When Guthrie got back to Baghdad, he saw at once that things were much worse than they’d been in ’04. There had been talk about this—it shouldn’t have been a surprise—but the feeling itself was a
surprise. It was as if Fallujah was everywhere now. And the guys who had lived through the change were on edge, pissed off, and ready for a fight.
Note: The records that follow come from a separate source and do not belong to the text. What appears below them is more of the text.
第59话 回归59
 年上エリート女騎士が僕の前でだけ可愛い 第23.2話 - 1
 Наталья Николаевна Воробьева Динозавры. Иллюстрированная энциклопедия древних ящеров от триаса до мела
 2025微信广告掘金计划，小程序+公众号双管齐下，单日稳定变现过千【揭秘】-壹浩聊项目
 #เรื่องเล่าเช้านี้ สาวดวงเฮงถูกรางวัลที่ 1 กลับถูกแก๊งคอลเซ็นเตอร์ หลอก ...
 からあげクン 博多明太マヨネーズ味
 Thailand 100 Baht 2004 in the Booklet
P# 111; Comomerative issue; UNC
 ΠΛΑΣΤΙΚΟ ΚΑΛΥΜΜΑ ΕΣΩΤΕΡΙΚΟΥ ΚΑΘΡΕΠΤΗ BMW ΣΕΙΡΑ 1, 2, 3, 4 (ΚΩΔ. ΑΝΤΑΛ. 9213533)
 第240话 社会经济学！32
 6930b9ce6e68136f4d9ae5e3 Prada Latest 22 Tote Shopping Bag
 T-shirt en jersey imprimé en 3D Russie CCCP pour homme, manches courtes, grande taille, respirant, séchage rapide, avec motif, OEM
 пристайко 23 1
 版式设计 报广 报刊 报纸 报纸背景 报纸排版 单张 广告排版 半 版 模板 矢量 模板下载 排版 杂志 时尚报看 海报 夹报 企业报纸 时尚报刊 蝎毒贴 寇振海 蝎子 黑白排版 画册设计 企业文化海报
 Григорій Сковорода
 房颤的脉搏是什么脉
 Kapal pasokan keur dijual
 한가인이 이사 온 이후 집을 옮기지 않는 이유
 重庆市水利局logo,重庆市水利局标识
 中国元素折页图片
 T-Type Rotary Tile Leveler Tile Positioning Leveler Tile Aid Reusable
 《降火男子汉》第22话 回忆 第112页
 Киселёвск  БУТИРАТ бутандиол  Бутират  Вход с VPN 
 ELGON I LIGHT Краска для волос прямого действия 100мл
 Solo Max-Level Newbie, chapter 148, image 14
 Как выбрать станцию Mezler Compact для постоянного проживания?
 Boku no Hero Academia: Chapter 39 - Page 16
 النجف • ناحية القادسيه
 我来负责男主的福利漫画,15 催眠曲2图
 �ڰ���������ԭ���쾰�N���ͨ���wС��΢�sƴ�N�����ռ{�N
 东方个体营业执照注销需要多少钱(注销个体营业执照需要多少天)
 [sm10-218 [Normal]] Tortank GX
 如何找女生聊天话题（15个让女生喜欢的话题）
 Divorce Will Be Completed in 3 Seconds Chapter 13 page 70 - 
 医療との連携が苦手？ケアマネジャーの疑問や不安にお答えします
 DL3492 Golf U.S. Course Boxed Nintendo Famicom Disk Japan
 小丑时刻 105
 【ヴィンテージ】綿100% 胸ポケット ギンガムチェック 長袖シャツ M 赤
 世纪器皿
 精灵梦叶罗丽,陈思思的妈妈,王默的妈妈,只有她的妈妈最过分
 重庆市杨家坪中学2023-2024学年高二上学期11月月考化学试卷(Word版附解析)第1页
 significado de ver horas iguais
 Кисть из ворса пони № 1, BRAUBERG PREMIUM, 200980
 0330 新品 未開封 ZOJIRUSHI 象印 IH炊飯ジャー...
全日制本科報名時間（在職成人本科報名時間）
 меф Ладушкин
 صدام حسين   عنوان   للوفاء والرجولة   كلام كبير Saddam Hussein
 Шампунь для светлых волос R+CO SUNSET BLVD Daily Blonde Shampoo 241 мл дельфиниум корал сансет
There were folks back in Denby who didn’t know the difference between Shia Muslims and Sunni Muslims—there were maybe some guys in his unit who didn’t know, or at least didn’t care—but Guthrie did know the difference. The Sunnis thought that Muhammad’s father-in-law should have taken over when Muhammad died, and the Shia thought that his son-in-law, who was also his cousin, should have taken over. He kept to himself the thought that farm families in Iowa would understand the bitterness of this antagonism over issues of inheritance perfectly well; you said it was about principles, but really it was about loyalties and property. Guthrie also knew that most of the Iraqis were Shia, and that they resented the Sunnis in the same way that Evangelicals—who were always talking about how God was their personal savior, who spoke to them on a regular basis—disdained old-style churches for being all about rules and not about being saved. His grandmother and his mom had had “discussions” about this, and rather warm ones, more than once. And there were the Kurds. As far as Guthrie could tell, they were like American Indians on reservations, trying not to offend either group. It was as if the Episcopalians had all the money and the power, and the Evangelicals were bound and determined to take that power for themselves, because they were the saved ones. So, when some Sunnis blew the dome off the big Shia mosque in Samarra a week or so after his return, he knew that there was going to be trouble. He remembered the mosque and the dome from when his unit had gone through there after the operation against the insurgents, before the Fallujah attack.

He wasn’t a prophet—everyone in his unit knew there would be trouble. The only question, they decided when they were talking about it late that night, was: Bombs? Rockets? IEDs? And aimed at whom?